Il n’y a pas de raccourci ne passant pas par un travail long et intelligent de formation et d’information, de prise de conscience faisant tache d’huile sur la participation, la précarité, les biens communs. Non pas parmi ceux qui sont déjà convaincus, mais dans une société ayant de bonnes raisons d’être effrayée. A moins de vouloir s’accommoder de l’existant, il n’y a pas d’autre moyen si ce n’est de se salir les mains, de parler avec les personnes et de les convaincre une par une, même si cela semble utopique.

Les défis auxquels nous avons à faire face sont historiques. En économie, le monde de Bretton Woods, qui a décidé le destin de la planète pendant 60 ans, est en train de mourir avec la domination du dollar. Que feront l’euro et l’Europe ? La gauche qui fêta l’échec de la Constitution n’a pas de réponses. Il y a le défi du changement climatique qui est un pistolet braqué sur la planète ; mais surtout il y a deux défis qui comprennent tous les autres. Le premier est celui de l’intégration, de la société multiraciale, de la citoyenneté et du rétablissement du suffrage universel. Quiconque a observé l’Italie des derniers mois sait que le pogrom est imminent. Le deuxième est celui de l’information. Le contrôle médiatique par quelques groupes libéraux est en train de vider la démocratie même de toute signification. Aujourd’hui c’est la droite qui donne des réponses à tous ces défis. Et elles ne nous plaisent pas.

http://www.gennarocarotenuto.it

Messages

  • A moins de vouloir s’accommoder de l’existant, il n’y a pas d’autre moyen si ce n’est de se salir les mains, de parler avec les personnes et de les convaincre une par une, même si cela semble utopique.

    C’est bien ce qu’on a fait autour de nous, parler et convaincre. Je suis fière d’être du Sud-Ouest, les gens n’ont pas gobé connement les propos de Sarko. Il y a encore du bon sens, même si...

    Mon voisin qui a voté Sarko, et son petit-fils qui n’aimait pas S.Royale parce qu’il croyait qu’elle allait lui ajouter des "heures supplémentaires" à l’école pour faire ses devoirs le soir, eh bien râté, mon petit, Sarko va t’appliquer le même programme dès la prochaine rentrée.

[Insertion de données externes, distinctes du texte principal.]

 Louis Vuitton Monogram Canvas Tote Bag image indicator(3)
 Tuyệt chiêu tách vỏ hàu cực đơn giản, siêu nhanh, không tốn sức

    Mais dites, Sarko serait-il un voleur d’idées ? Faudrait une idée géniale sur le terrain du fric, du salaire, de l’emploi, sait-on jamais... GS

  • Tout ce tient au final, l’individualisme fragilise le "peuple", donc le pouvoir issue de ce peuple, donc la démocratie (pouvoir du peuple). Pas seulement le pouvoir répressif, mais aussi le pouvoir attractif, tout pouvoir en fait. Le peuple n’offrant plus rien, ni de vie, ni de protection, chacun se retire chez lui, avec la peur de l’insécurité caractéristique de ce qui est isolé.

    Lorsqu’on suit cette logique on comprend pourquoi les Etats se renforcent autant, jusqu’à l’autocratie (voir les USA), pourquoi le racisme augmente autant (par définition ce qui menace la sécurité ce sont les autres) et pourquoi ceci est un cercle vicieux (l’insécurité fait davantage isoler les gens qui ont davantage peur de l’insécurité). Tout ce tient donc, et pour le pire.